Cable cos. shut down interactive ad venture
(AP) -- The country's largest cable TV companies are shutting down the bulk of a venture that let viewers interact with TV ads, laying off 120 employees.
Four-year-old Canoe Ventures made it possible for viewers of eight cable networks, including AMC, Bravo and Discovery, to request information by mail from TV advertisers by pressing a button on the remote. It was accessible in 25 million households.
However, the technology didn't catch on with advertisers, prompting the shutdown.
The firm said Wednesday that it will close its New York headquarters and lay off most of its staff over the new few months.
Canoe will keep 30 to 35 employees in Denver to work on advertising systems for video-on-demand services.

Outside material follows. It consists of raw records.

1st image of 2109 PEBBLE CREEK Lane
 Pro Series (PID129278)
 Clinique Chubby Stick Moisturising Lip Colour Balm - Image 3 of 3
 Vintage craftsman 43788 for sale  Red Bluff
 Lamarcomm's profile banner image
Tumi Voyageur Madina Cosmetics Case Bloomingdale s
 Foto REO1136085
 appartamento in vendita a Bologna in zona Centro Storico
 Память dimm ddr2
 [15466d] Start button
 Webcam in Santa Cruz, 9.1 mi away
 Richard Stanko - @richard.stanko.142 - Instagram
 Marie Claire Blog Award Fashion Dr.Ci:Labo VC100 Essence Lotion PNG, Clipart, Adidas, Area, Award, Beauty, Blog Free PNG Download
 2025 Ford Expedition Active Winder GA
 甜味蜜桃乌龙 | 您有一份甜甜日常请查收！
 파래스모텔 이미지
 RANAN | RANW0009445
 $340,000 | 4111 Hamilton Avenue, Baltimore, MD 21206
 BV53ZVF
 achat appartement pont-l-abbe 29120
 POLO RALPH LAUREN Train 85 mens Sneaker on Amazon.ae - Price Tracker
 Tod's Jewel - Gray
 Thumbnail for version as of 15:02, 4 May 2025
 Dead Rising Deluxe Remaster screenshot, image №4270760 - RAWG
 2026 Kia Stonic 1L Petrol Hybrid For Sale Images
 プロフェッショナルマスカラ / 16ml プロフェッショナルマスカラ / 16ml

That includes services that cable companies are rolling out for viewing on tablet computers, phones and personal computers.
CEO Kathy Timko is among those laid off. She was replaced by former Chief Technology Officer Joel Hassell.
Canoe was set up by Comcast Corp., Cox Communications Inc., Time Warner Cable Inc., Charter Communications Inc., Cablevision Systems Corp. and Bright House Networks.
The shutdown of Canoe's interactive advertising system doesn't mean that type of ad will go away completely. Cable companies have their own interactive ad systems they use for small, local campaigns.
Early on, Canoe had a second mission: to make it possible to target cable-TV advertising down to the neighborhood level. That plan was scrapped in 2009 due to technical difficulties.
Wednesday's shutdown was reported earlier on the website of Multichannel News, a pay-TV trade magazine.